When IGS participants were 3 months of age, their sucking behavior was measured in the laboratory using an automated nutritive sucking apparatus 17
. In this experiment, infants were fed either expressed breast milk or their customary formula milk with their customary nipple type. High-risk infants, compared to low-risk infants, showed a more vigorous sucking behavior as indicated by a significantly higher total number of sucks (920 ± 89 vs. 620 ± 47 sucks), a higher sucking rate (0.75 ± 0.01 vs. 0.59 ± 0.04 sucks/second), and a larger amount of milk consumed (150 ± 9 vs. 123 ± 8 g), but no difference in feeding time. It remains unknown if energy intake differed between risk groups during the sucking behavior assessment. A prospective analysis showed that the total number of sucks at 3 months of age was a significant predictor of weight and weight-for-length at 12 months of age, accounting for approximately 9% of the variance 17
The assessment of eating rate was repeated when IGS participants were 4 years of age 68
. This time, children consumed a multi-item test meal in the laboratory in the presence of a parent. Eating rate was computed as calories and mouthfuls consumed per minute. Results showed a non-significant trend (p = 0.10) for eating rate to be greater among high-risk (2.60 ± 1.08 mouthfuls/min) compared to low-risk (2.16 ± 0.96 mouthfuls/min) children. Further, energy intake per minute was significantly correlated with meal energy intake and daily energy intake (≥ 0.40). When controlling for maternal BMI, a prospective analysis of eating rate at 4 years of age, expressed as either mouthfuls per minute or calories consumed per minute, was significantly associated with an increased probability of a child being overweight or obese at age 6. These data suggest that an accelerated eating rate may present a behavioral risk factor for increased energy intake and excessive weight gain in children. Interventions designed to slow the eating rate in obesity-prone children may be a promising strategy to moderate their energy intake. For example, Epstein and colleagues 69
tested the effects on eating rate and food intake of instructing 7-year-old children to place their utensils on the table after every ingested bite. The results of the study indicated that both eating rate and the amount of food consumed significantly decreased for both obese and non-obese children as a function of putting eating utensils down between bites combined with praise for compliance.
The microstructure of children’s eating has also been shown to be affected by environmental factors such as the portion size of foods. When the portion size of an entrée was doubled, 2- to 9-year-old children consumed 29% more of the entrée and 13% more energy at the meal than when served a standard entrée portion 70
. The increase in entrée intake was in part attributable to an increase in children’s bite size. Further, children who increased their intake when served the large portion entrée showed increases in both bite size and the total number of bites taken.
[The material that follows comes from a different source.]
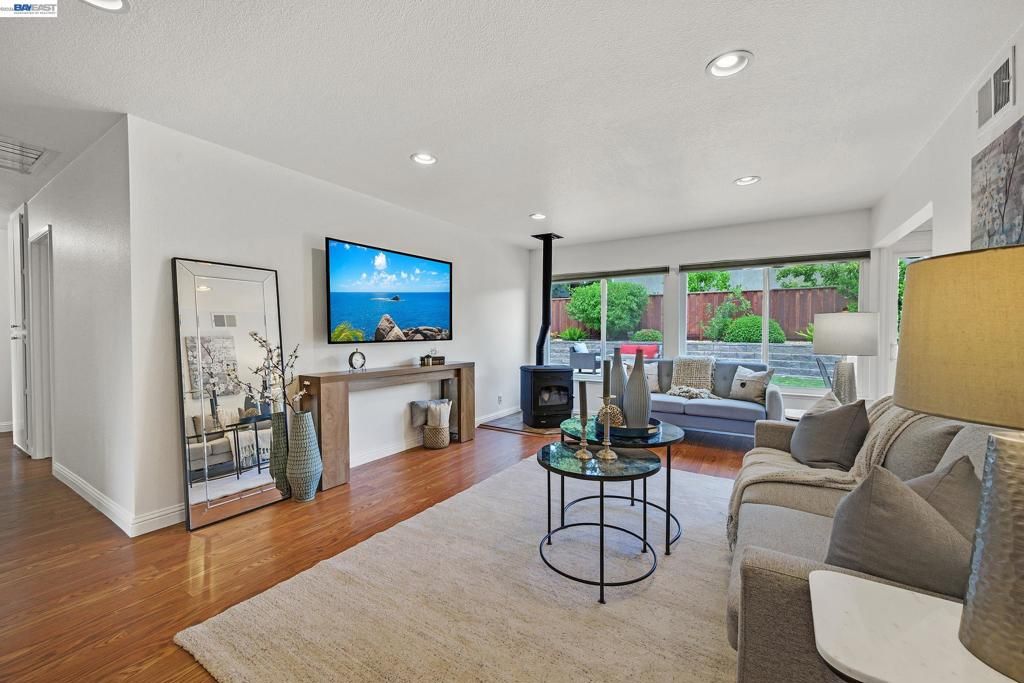 Image 5 of property listing at 2883 Westchester Drive, San Ramon, CA 94583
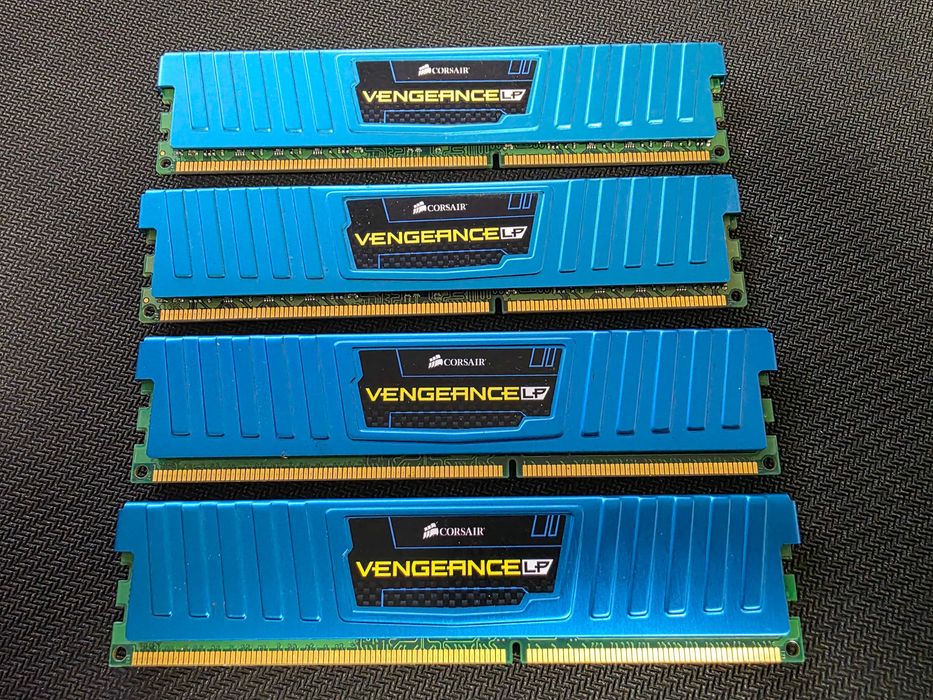 Memorie 16GB DDR3 1600MHz (4 x 4 GB) Corsair Vengeance blue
These data suggest that interventions which combine slowing children’s rate of eating with modifying the amounts and also types of foods served may be a successful strategy to moderate energy intake in children who are prone to excessive weight gain.
Identifying eating traits which promote increased energy intake in children is crucial for the design of successful interventions to prevent and treat childhood obesity. At the same time, however, it is important to study the home environment in which children have early experiences with food and eating. Additionally, because parental behaviors surrounding eating and child feeding are known to also play a crucial role in the formation of food preferences and eating behaviors in young children, the familial transmission of taste preferences, food selections, and eating behaviors must also be studied closely.